I know I have to use lookbehind
and lookahead
to rule out numbers that are preceded or followed by a .
. I can successfully find the numbers that are preceded by a coma, in the said case the 0
:
import re
IntegerPattern = re.compile('-?(?<=\.)\d+(?!\.)')
a = '2 1.000000000000000 1 1 0'
IntegerPattern.findall(a)
will return ['000000000000000']
, exactly as I want. But when I try to find numbers that are not preceded by .
s this doesn't work:
import re
IntegerPattern = re.compile('-?(?<!\.)\d+(?!\.)')
a = '2 1.000000000000000 1 1 0'
IntegerPattern.findall(a)
returns ['2', '00000000000000', '1', '1', '0']
. Any ideas why? I'm completely new to regular expressions in general and this just eludes me. It should work but it does not. Any help would be appreciated.
Upvotes: 0
Views: 2832
Reputation: 26667
Use the regex
(\s|^)\d+(\s|$)
the code can be
>>> n='2 1.000000000000000 1 1 0'
>>> re.findall(r'(?:\s|^)\d+(?:\s|$)', n)
['2 ', ' 1 ', ' 0']
(\s*|^)
matches a space or start of string
\d+
matches any number of digits
(\s*|$)
matches space or end of string
NOTE: \b
cannot be used to delimit \d+
as .
is also included in \b
Example http://regex101.com/r/gP1nK0/1
EDIT
Why doesnt the regex (?<!\.)\d+(?!\.)
work
now here the problem is when using look negative around assertions, we try to not to match .

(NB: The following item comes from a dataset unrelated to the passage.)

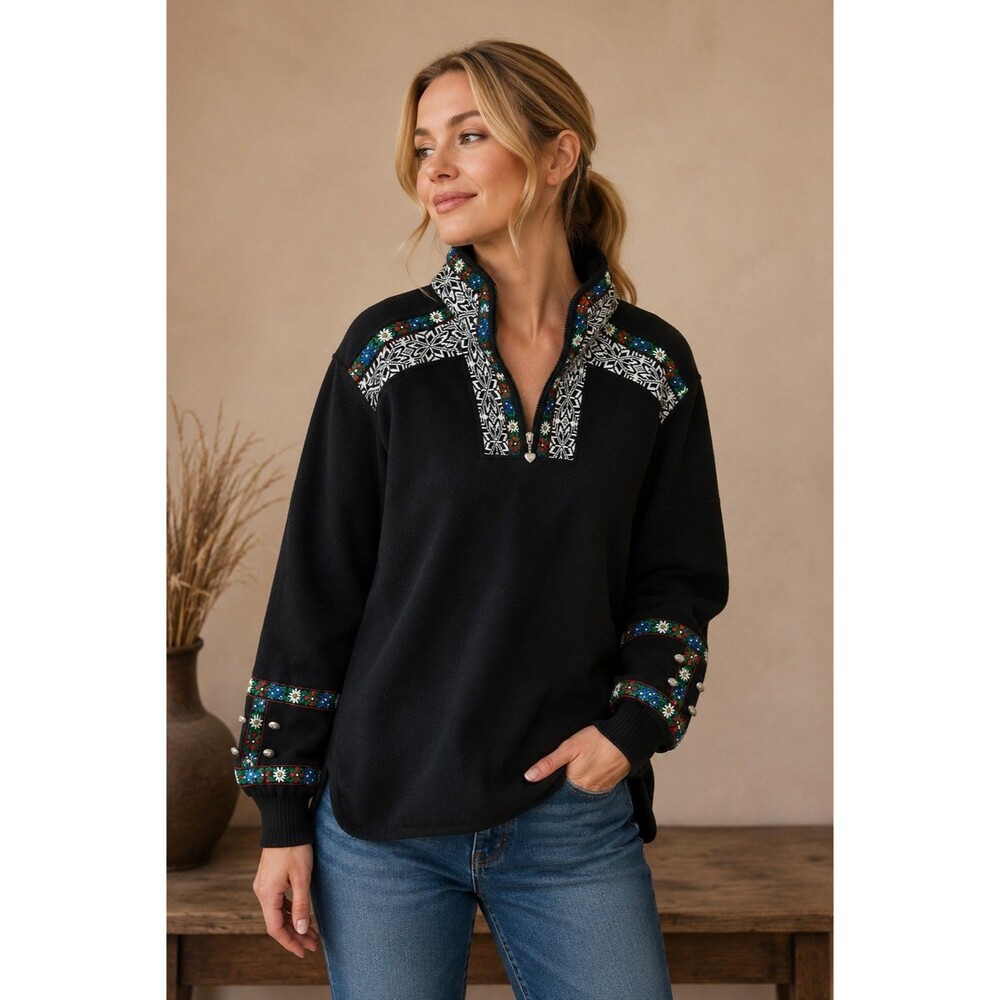 Vtg Obermeyer Black Fleece Nordic Alpine 1/4 Zip Pullover Womens Sz Medium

and the regex tries to match .
when you write (?<!\.)
the regex finds a position where it can be successfull
that is in say 1.000000
the regex fixes the position second 0
such that the previous position is not .
(which is zero) and remaining is 00000
thus winning. Hence it matches it
to get a clearer view check this link
http://regex101.com/r/gP1nK0/2
as you can see for the 1.000000000000000
the match occures from second 0
making it successfull
EDIT 1
a more perfect regex would be like
(?:(?<=^)|(?<=\s))\d+(?=\s|$)
>>>n
'1 2 3 4.5'
>>> re.findall(r'(?:(?<=^)|(?<=\s))\d+(?=\s|$)', n)
['1', '2', '3']
>>> n='1 2 3 4'
>>> re.findall(r'(?:(?<=^)|(?<=\s))\d+(?=\s|$)', n)
['1', '2', '3', '4']
Thank you sln for pointing that out
Upvotes: 3
Reputation: 180401
a = '-2 1.000000000000000 1 1 0'
print([x for x in a.split() if x[1:].isdigit() or x.isdigit()])
['-2', '1', '1', '0']
If you want the digits before the .
also:
a = '2 1.000000000000000 1 1 0'
print([x if x.isdigit() else x.split(".")[0] for x in a.split() ])
['2', '1', '1', '1', '0']
Upvotes: 1
Reputation:
The engine is compensating to match.
It sheds a \d
on the left, then matches.
This ensures no digits are shed
on the left -
# (?<![.\d])\d+(?!\.)
(?<! [.\d] )
\d+
(?! \. )
Just a note - In your first pattern -?(?<=\.)\d+(?!\.)
The -?
will never actually match a dash because it is not a \.
which the assertion
states must be there.
The rule is never point an assertion in a direction that directly contains a literal
unless the literal is included in the assertion. In this case it is out of order anyway,
so the -?
is entirely useless.
Upvotes: 0
Reputation: 6395
I wouldn't bother with regexes:
s = '2 1.000000000000000 1 1 0'
print [int(part) for part in s.split() if "." not in part]
It's often much simpler to work with basic string manipulation, or as the old saying goes "I had a problem I tried to solve with regexes. Then I had two problems"
Upvotes: 2